Why make reverb chambers?

For a musician, playing in a genuine, 30s reverb is an adventure - normally, you only get reverb that long by faking it, using digital technology. But NPL's reverb chamber isn't designed with music in mind - it's part of their toolbox for investigating sound and the way it moves through materials.

NPL reverb chamber

The ceiling of the National Physical Laboratory reveberation chamber,
showing the extra reflective panels.

Passing through (transmission)

If you look closely at some of the videos of the chamber, you'll see a panel in one of the longest walls. Acousticians at NPL put a test material in this panel when they want to find out how much sound will pass through it. The test material might be a new type of wall, for example. Acousticians make reverberant sound on one side of the panel, then measure how much sound passes through the material to a small chamber on the other side.

Measurements like this are useful if you want to know how to block out unwanted sound. This could be the sound of noisy neighbours or car engine noise, passing through the bulkhead into the cab.

Soaking up (absorption)

Reverb chambers are also used to measure how much a material soaks up sound.

In our short, musical experiments, we could really hear the reverberation time of the room reduce, as more people and instruments were put inside. Listen to the reverb on the test recordings, made with only two people in the room. Compare those to the reverb in the Reverberant Jam No 1, which was recorded with several people present.

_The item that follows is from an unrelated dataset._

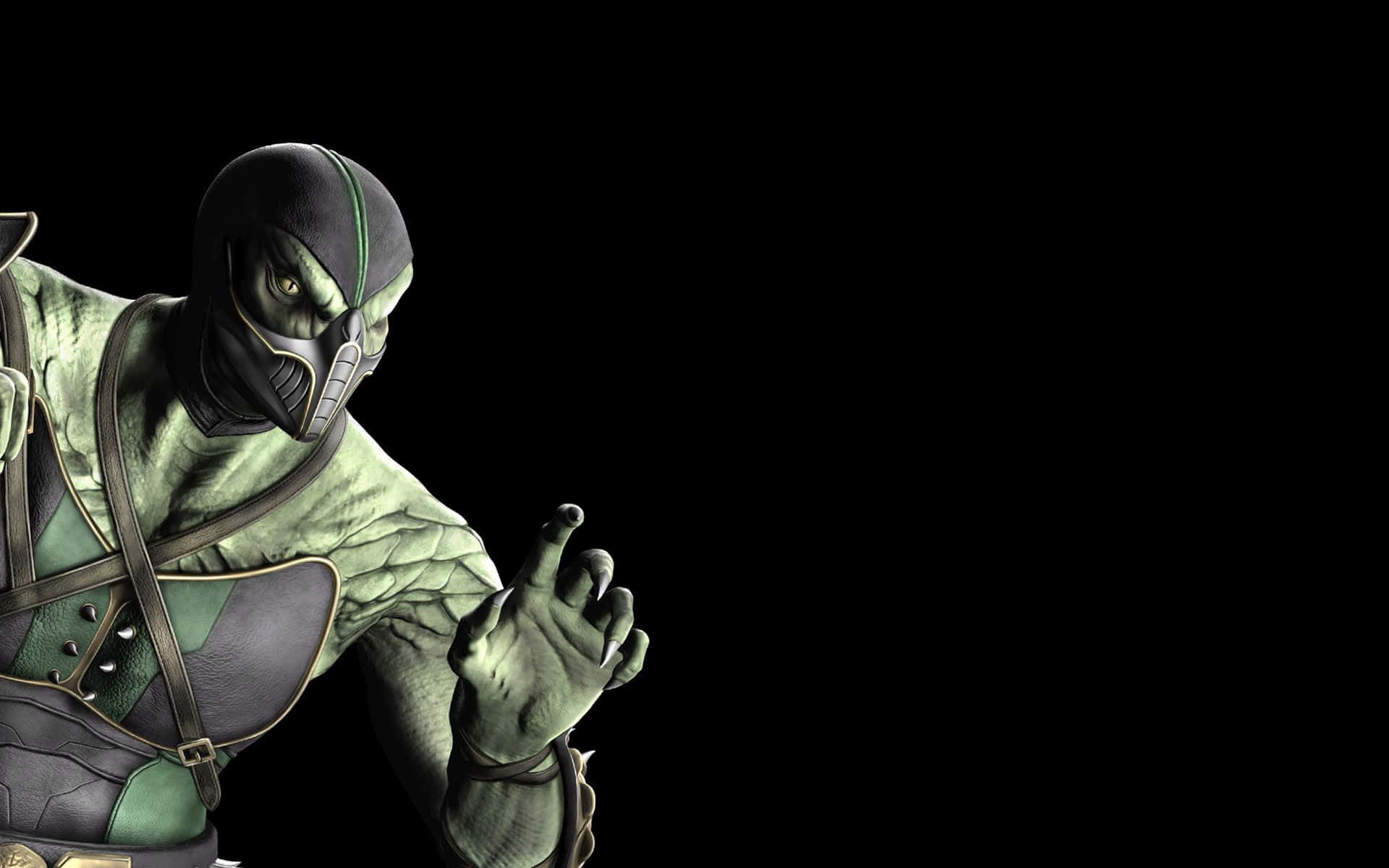 Mortal Kombat Reptile 桌布 壁紙 — 一個綠色皮膚、戴黑色面具和盔甲的兇猛忍者，蹲在純黑背景前。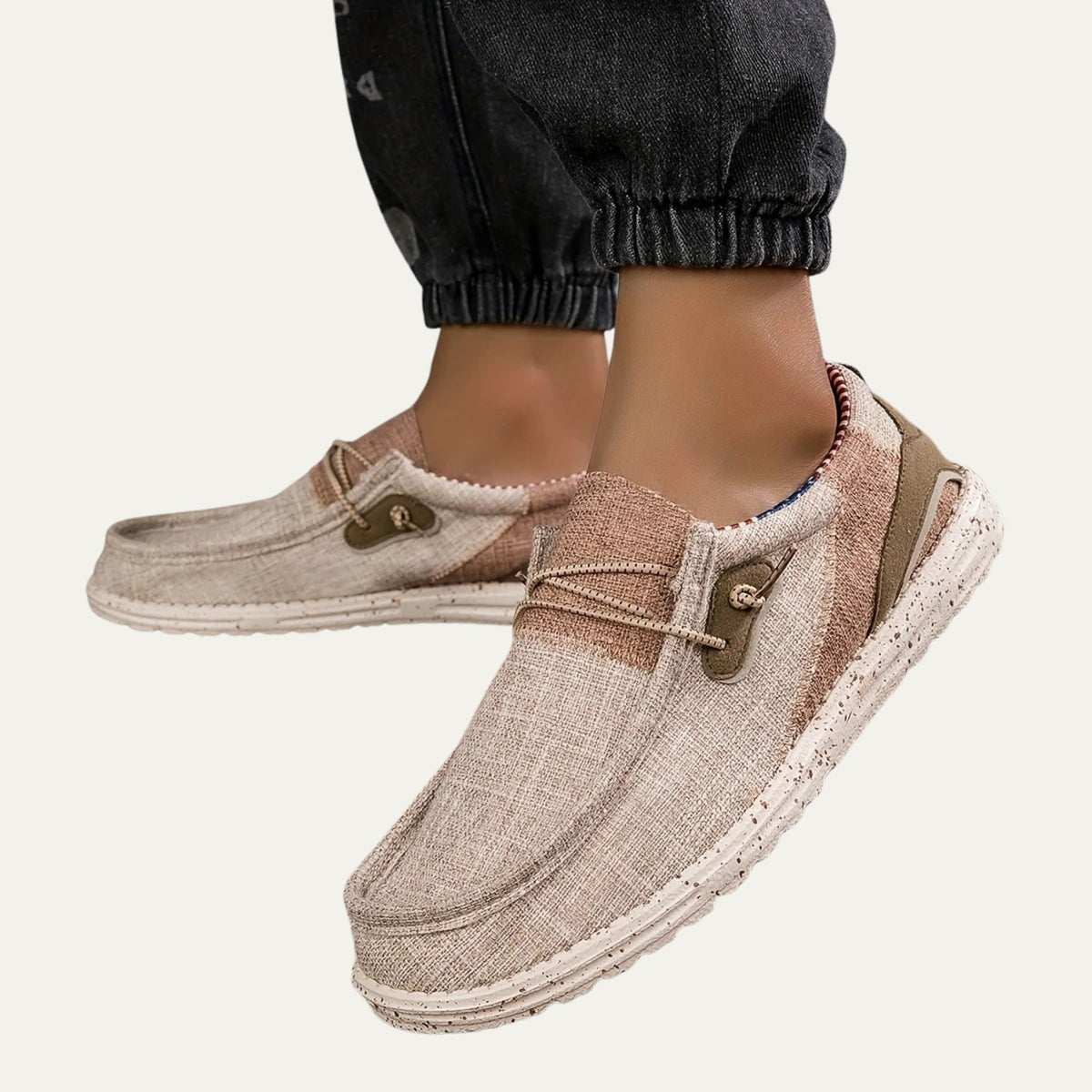 Dama Washington Faye women's canvas loafer mule cream comfort slip on - front view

If you can measure precisely how much your reverb reduces as you put an object in the room, you can tell how much sound that object absorbs. Some materials, like foam, soak up far more sound than others, such as ceramic tiles. The greater the surface area of an object, the more sound it will soak up. A small cushion is going to soak up less sound than a large settee. Mike Blow soaks up significantly less sound than Sarah.